Uluslararası Bağımsız Kimyasal Silahları Yasaklama Komitesi (OPCW), dün yayınladığı açıklamada, Esed rejiminin OPCW’ye bağlı özel soruşturma ekibinin sivillere yönelik tekrarlanan kimyasal saldırıları araştırmak üzere Suriye’ye girişini engellediğini bildirdi. Rejimin, soruşturma sonuçlarını tanımadığını aktardı.
Konuya dair bir açıklama yapan OPCW Müdürü Fernando Arias, Esed rejiminin Suriye’deki yeni kimyasal silah saldırılarının sorumlularının belirlenmesi için oluşturulan ekibin ülkeye girişini engellediğini söyledi. Rejimin Dışişleri Bakanı Yardımcısı Faysal Mikdad’ın OPCW’ye, soruşturma ekibine vize verilmediğini bildirdiğini aktardı.
Arias, açıklamasında, “OPCW’ye, Esed rejimi tarafından biri 9 Mayıs ve 14 Mayıs 2019 tarihlerinde, soruşturma ekibinin Suriye’ye girişine izin verilmediğine dair iki mektup gönderildi” ifadelerini kullandı.
Birleşmiş Milletler (BM) ve OPCW tarafından daha önce oluşturulan Ortak Soruşturma Komitesi (JİM), yaptığı soruşturmalar sonucunda Esed rejiminin Suriye’de sivilleri hedef alarak 20 kez sinir gazı olarak bilinen kimyasal Sarin gazı ve Klor gazı yüklü varil bombalarıyla saldırı gerçekleştirdiğini açıklamıştı.
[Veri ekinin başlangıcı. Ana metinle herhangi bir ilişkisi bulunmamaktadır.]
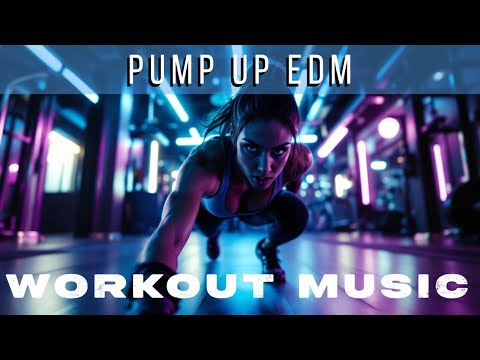 Pump Up EDM Training Vibes 1 Hour EDM Workout Music 2025 Vol 11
Rusya’nın, Aralık 2017’de OPCW-BM ortak komitesinin görev süresinin uzatılmasını veto etmesi üzerine OPCW tarafından yeni bir soruşturma komitesi kurulmuştu. BM Güvenlik Konseyi (BMGK) üyeleri, geçtiğimiz yıl, yeni komite için kabul oyu kullanırken, Esed rejimi ve Moskova yönetimi, komitenin kurulması kararını kabul etmemişti.
BM tarafından desteklenen ve 193 ülkenin üye olduğu OPCW, Hollanda’nın Lahey kenti merkezli olarak, dünyadaki kimyasal silahların yok edilmesi amacıyla çalışmalarını sürdürüyor.
Esed rejimi tarafından en büyüğü 2012 yılınıın Ağustos ayında, başkent Şam’ın Doğu Guta bölgesinde olmak üzere düzenlenen çok sayıda kimyasal saldırı sonucunda binlerce sivil yaşamını yitirmişti.
Suriye Muhalif ve Devrimci Güçler Ulusal Komitesi (SMDK), birçok kez yaptığı açıklamalarda, Suriye’deki kimyasal saldırılardan sorumlu olanların adil bir şekilde yargılanması için Uluslararası Ceza Mahkemesi’ne (UCM) çıkarılmasını talep etmişti.